[Exercise]:
Quote exactly and only this range of lines in the data below: the line that holds "サテンフラワー型ヘアゴム・シュシュ" to the line that holds "Een douche, een haardroger, handdoeken, zeep", both included.

[Data for the task]:

::::

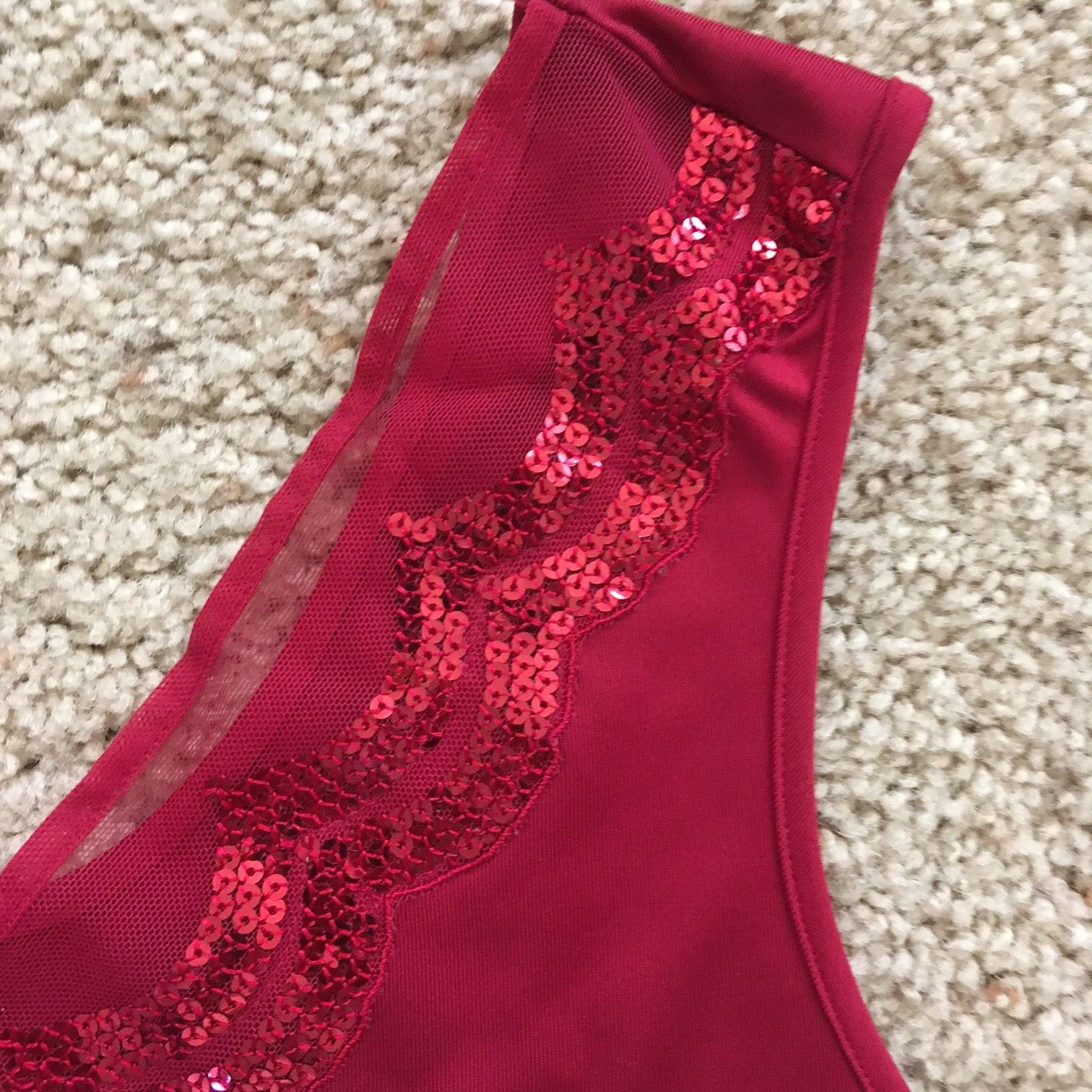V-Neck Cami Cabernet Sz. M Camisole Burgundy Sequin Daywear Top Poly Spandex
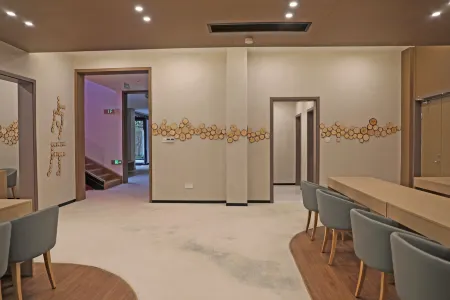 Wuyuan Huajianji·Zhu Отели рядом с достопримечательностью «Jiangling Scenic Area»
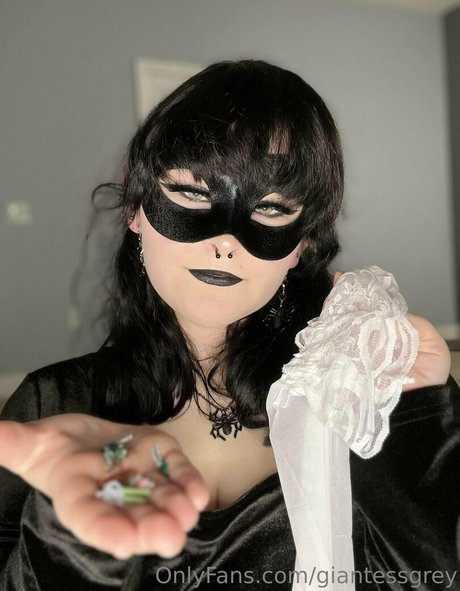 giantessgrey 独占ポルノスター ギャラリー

::::

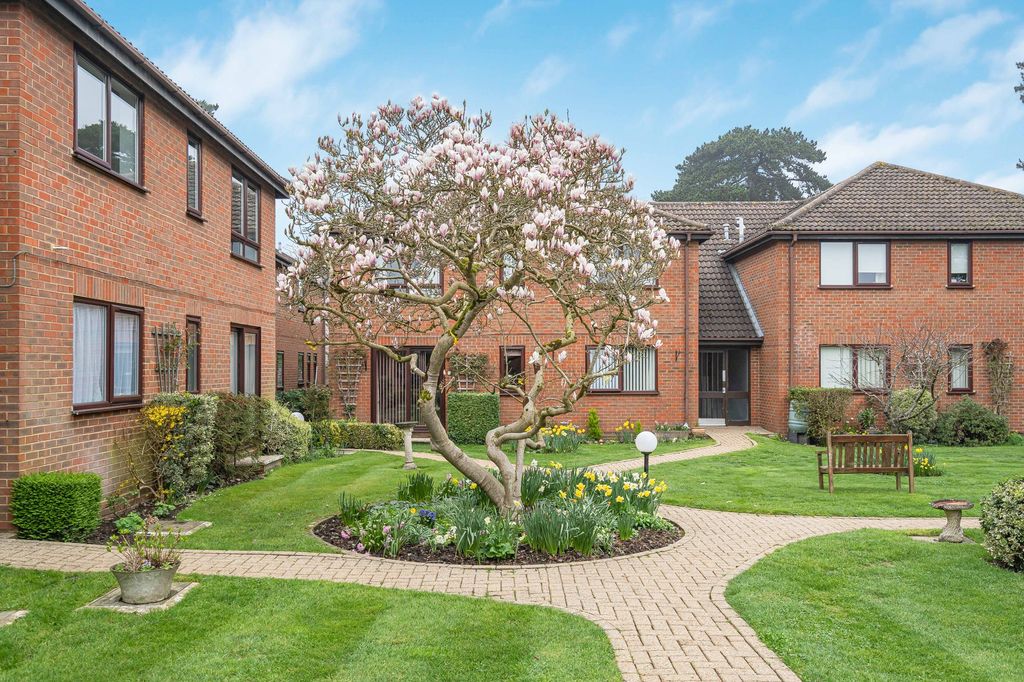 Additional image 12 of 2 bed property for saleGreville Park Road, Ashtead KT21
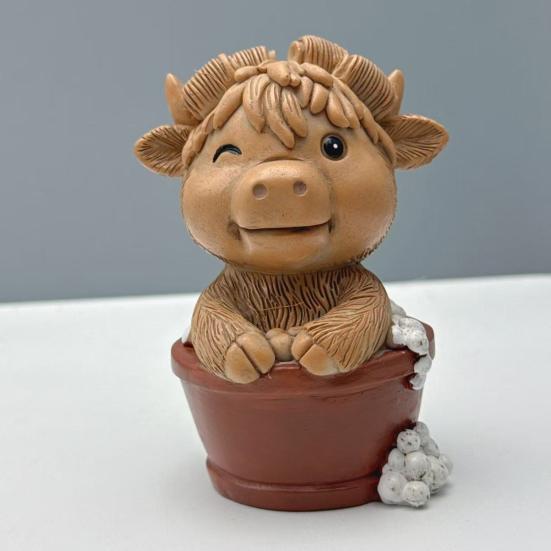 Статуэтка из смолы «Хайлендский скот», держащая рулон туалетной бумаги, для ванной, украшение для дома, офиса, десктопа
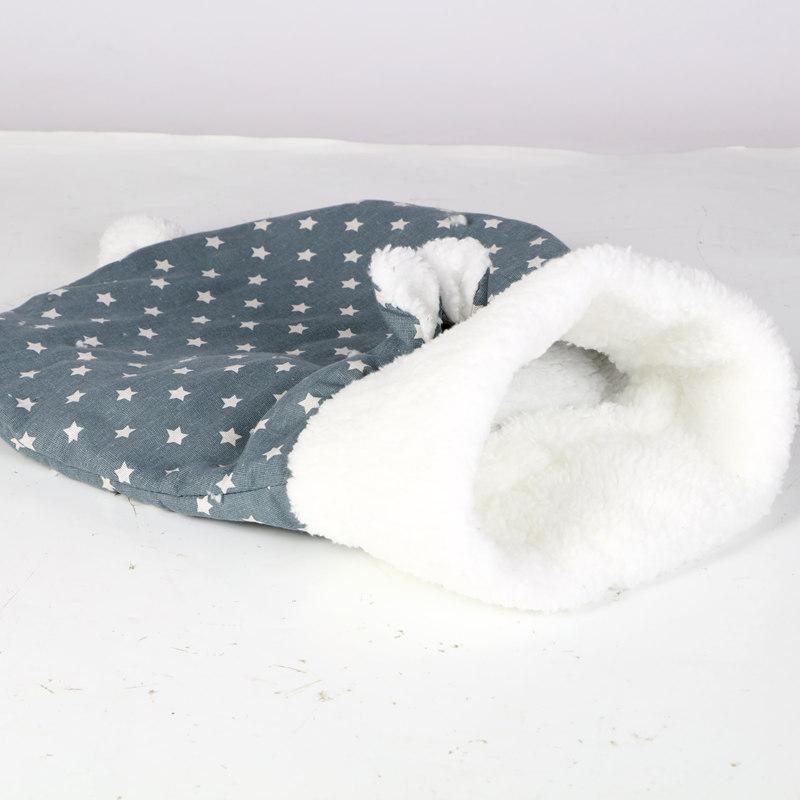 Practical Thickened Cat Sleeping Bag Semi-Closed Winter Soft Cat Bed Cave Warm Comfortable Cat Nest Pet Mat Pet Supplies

::::

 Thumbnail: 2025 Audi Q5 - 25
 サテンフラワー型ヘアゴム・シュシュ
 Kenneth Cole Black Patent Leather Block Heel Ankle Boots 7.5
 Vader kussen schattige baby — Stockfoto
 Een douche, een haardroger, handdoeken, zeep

::::

[Solution to the exercise]:
 サテンフラワー型ヘアゴム・シュシュ
 Kenneth Cole Black Patent Leather Block Heel Ankle Boots 7.5
 Vader kussen schattige baby — Stockfoto
 Een douche, een haardroger, handdoeken, zeep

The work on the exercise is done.